どんな恋愛をしてきたか、思い出せない。というか恋愛自体よくわからない。
私が深く関わってきた男子は、貴正くらいしか思いつかない。
――案外、貴正みたいなタイプが好きなのかもしれないわね。
そう思ったが、なんとなく照れくさかったので、よくわからないと答えた。
「まあ、別にいいけどな」
貴正はそこで話をやめた。あまり興味も無かったのだろう。
そうしている間に、私の住んでいるアパートに着いた。
それなりに新しい、学生向けのアパートだ。
「ありがとう、送ってくれて」
「気にするな」
「寄ってく?」
「いや、いい。早く薬飲んで休みな」
「うん、……そうする」
「じゃあ、またいつか」
「じゃあね」
私は、彼の逞しい背中を見送った。
さて、レポートは明日と明後日の休日でやるとして、今日はもう寝よう……。
シャワーを浴び、睡眠薬を飲んで、その日は寝た。
憂鬱な気分のままで。
†
なんとかレポートは完成させた。心理学の授業でそれを提出し、英語の授業はなんとかこなし、月曜の授業は終わり。
そして今は学生ロビーで知人(友人という程、仲が良くない)とバスの時間待ちだ。
「でさあ、卵焼き焦がしちゃったんだけど、彼は美味しいって言ってくれてー」
「らぶらぶねえ、羨ましいなー。私の彼氏はそっけないのよねぇ」
知人達は楽しそうに談笑している。私はどうも女の子らしい会話が苦手で、話を振られるまで黙っていることが多い。
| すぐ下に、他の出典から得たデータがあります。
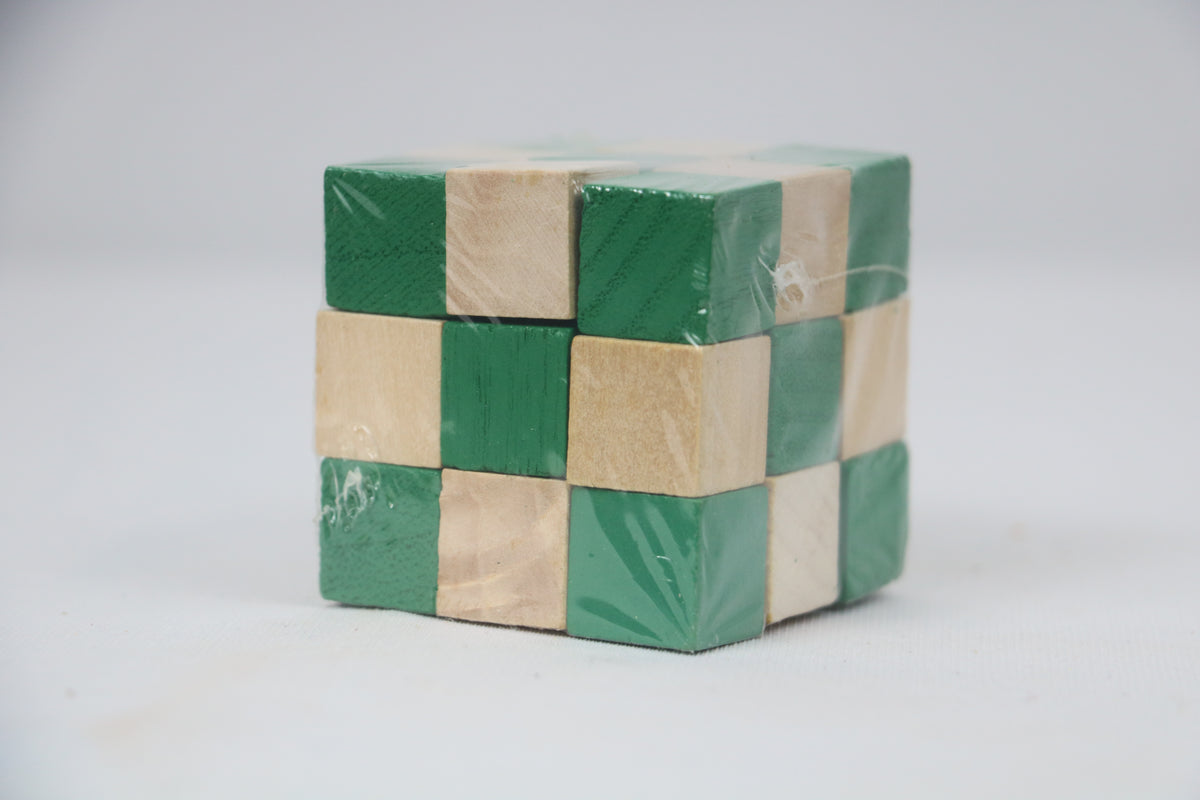 Solid Wood Cube – Artisan Carved Decorative Accent Piece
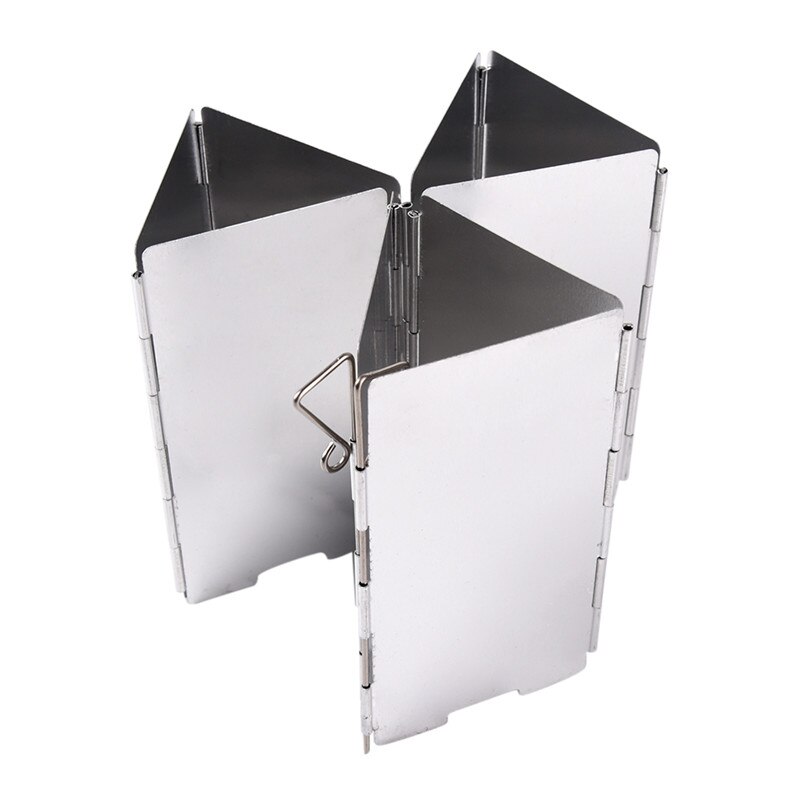 9 Plates Strong Wind Shield Deflector Folding Windscreen Guard Outdoor Camping Barbecue Picnic Stove Burner Furnace Protection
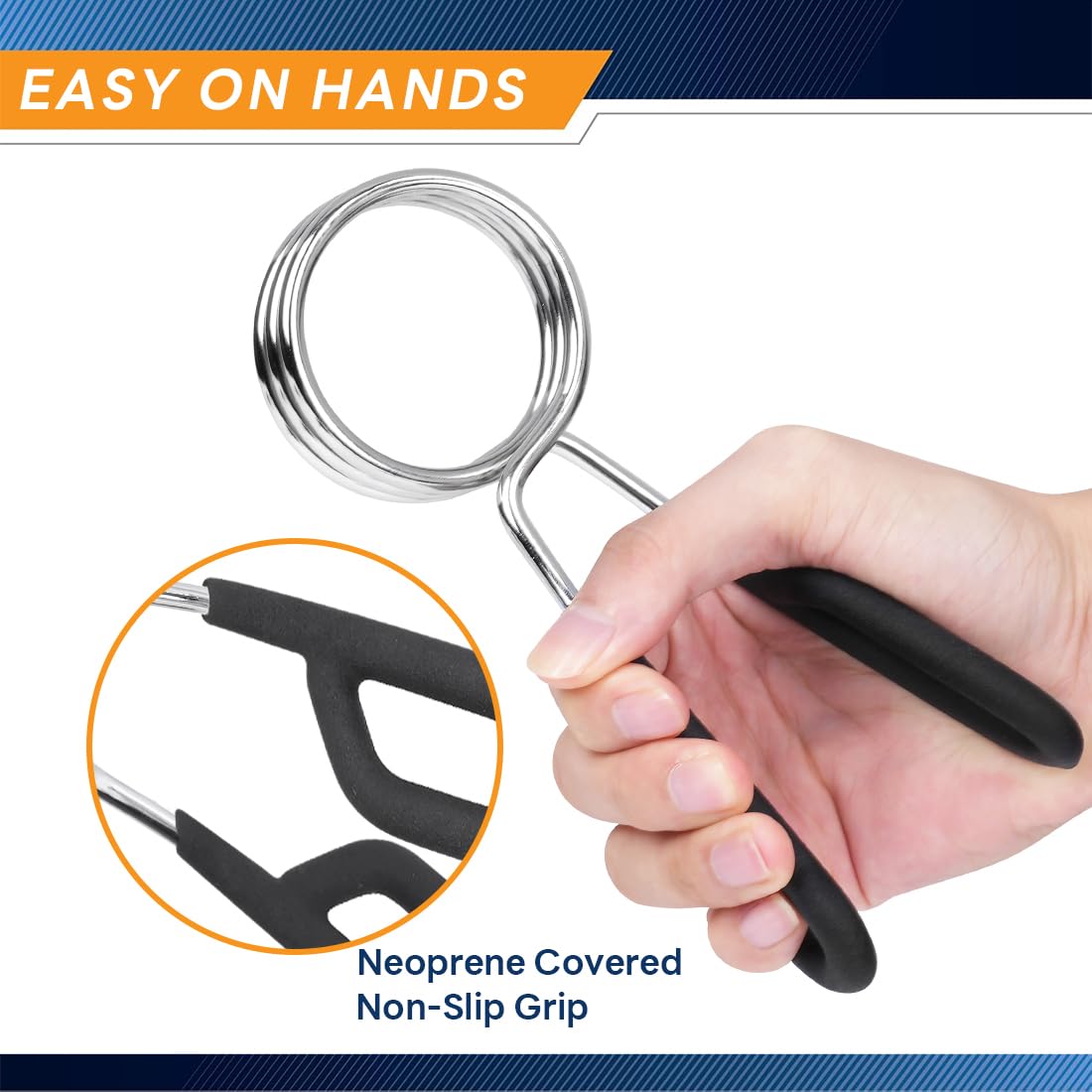 Marcy Fitness Olympic Bar Spring Clip, silver, 2 inch US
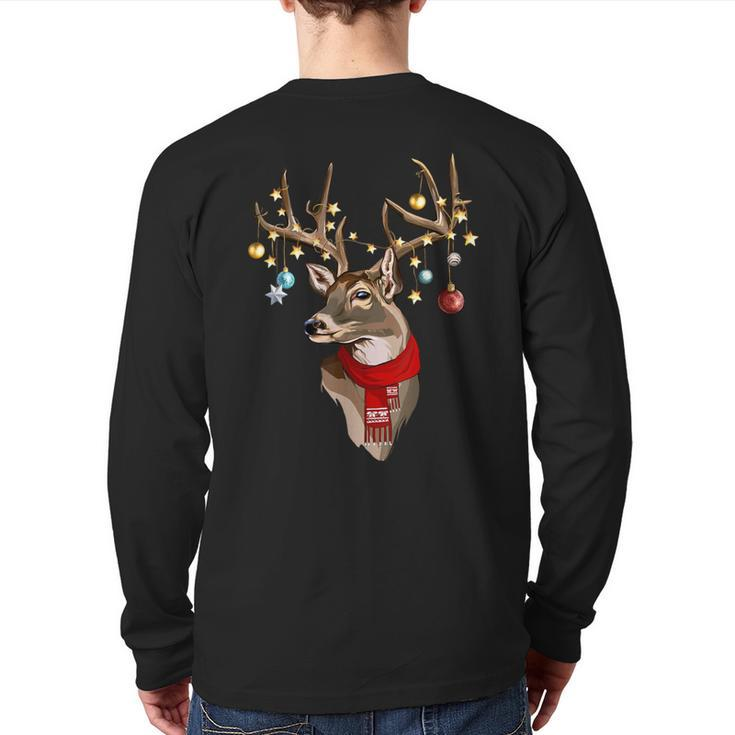 Buck Deer Antlers Christmas Lights Scarf Xmas Party Back Print Long Sleeve T-shirt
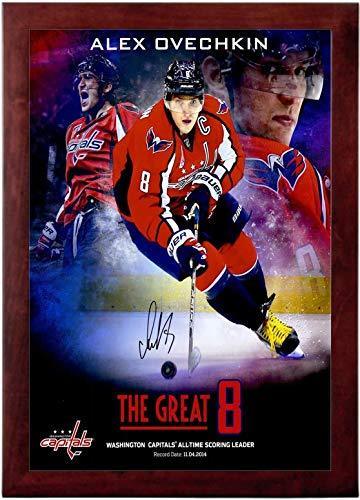 Alex Ovechkin Autograph Replica Super Print, 12x18 inches, framed in black, showcasing vibrant colors and printed signature.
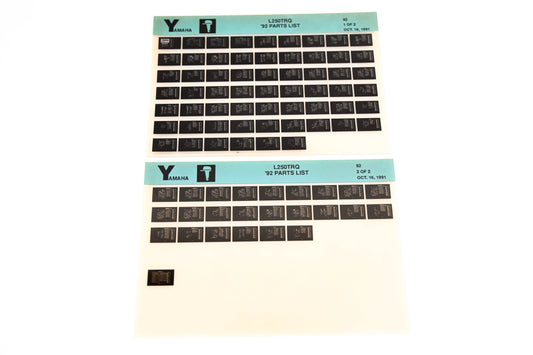 OEM Yamaha LB024-60 1992 L250TRQ Parts List Microfiche Lot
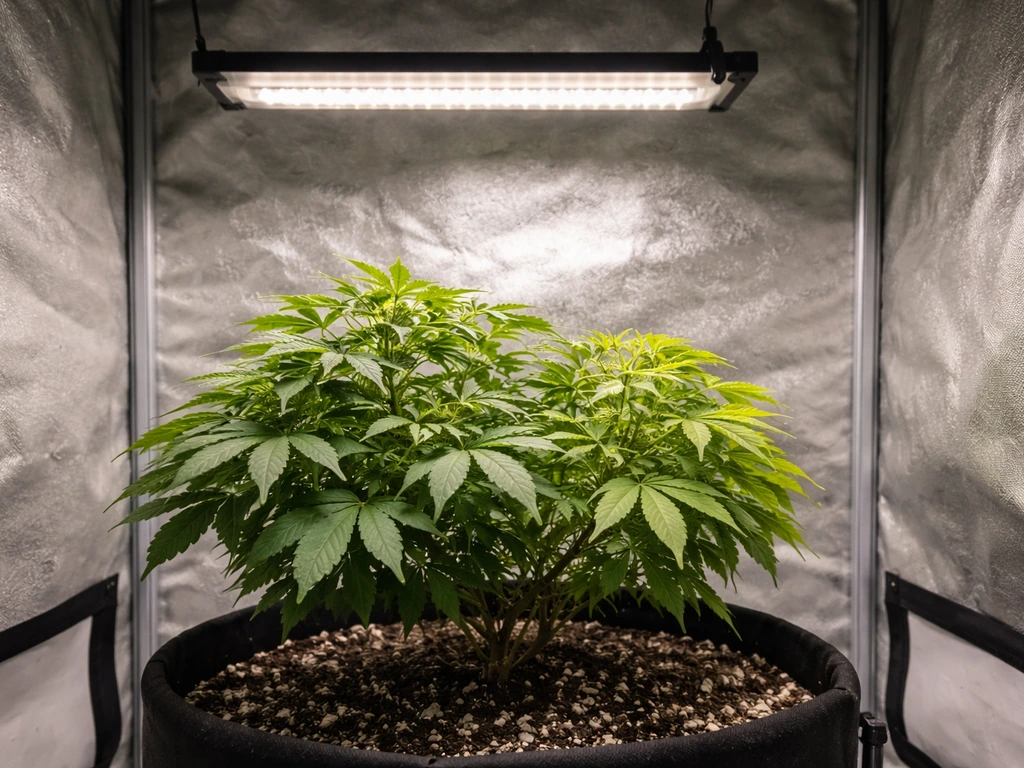 Indoor plant canopy with patchy uneven growth under an LED bar positioned slightly off-center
女三人寄れば姦しい。高校時代に集まっていたグループの女子は、集まれば他人の悪口ばかりだったので嫌な感じだった。大学の知人達は基本男子……というか彼氏の話ばかり。別に構わないのだけど、他に話すこと無いんだろうか。私だって、人のことは言えないんだけど。
「ねえ、君塚さんは? 彼氏いるの?」
「ううん。いないの」
「そっかー、でも気にするなって! いずれできるさー!」
「うん、そうね。そうだといいわね……」
本当に。本当にそう思う。
でも、私みたいな暗い女には、誰も振り向かないだろう。
「えー君塚さん彼氏いないの?」
横から聞こえてきたのは、授業で同じ班の、軽そうな男子の声だった。
その男子の隣にいるもう一人の男子も、同じ班の男子だった。
「なによぅ山村。盗み聞きとは趣味が良くないぞー」
「そんな大声で盗み聞きも何もないっしょ、なあ紀之」
「……まあね」
軽そうなのが山村で、クール系が紀之か。紀之とやらは肩をすくめる。
山村が私に近づいてきて、言った。
「今日この後用事ある?」
「……無いけど」
「フリーならさあ、今日これから遊びに行かねえ?」
「早速? 山村、あんたがっつきすぎよぅ」
女子達が囃し立てる。山村の見た目通りの調子いい性格は、高校の頃からそうらしい。
「どうだい?」
「ごめんなさい。今日は疲れちゃって……」
半分嘘だけど。こんな軽い男のナンパには付き合ってられない。
「あー、そっか。OKOK。また機会があったら誘うよ」
振られちゃったねーとか、女子達は言う。山村はフランクな感じに女子達に対応していた。人付き合いが上手いのだろう。私とは大違いだ。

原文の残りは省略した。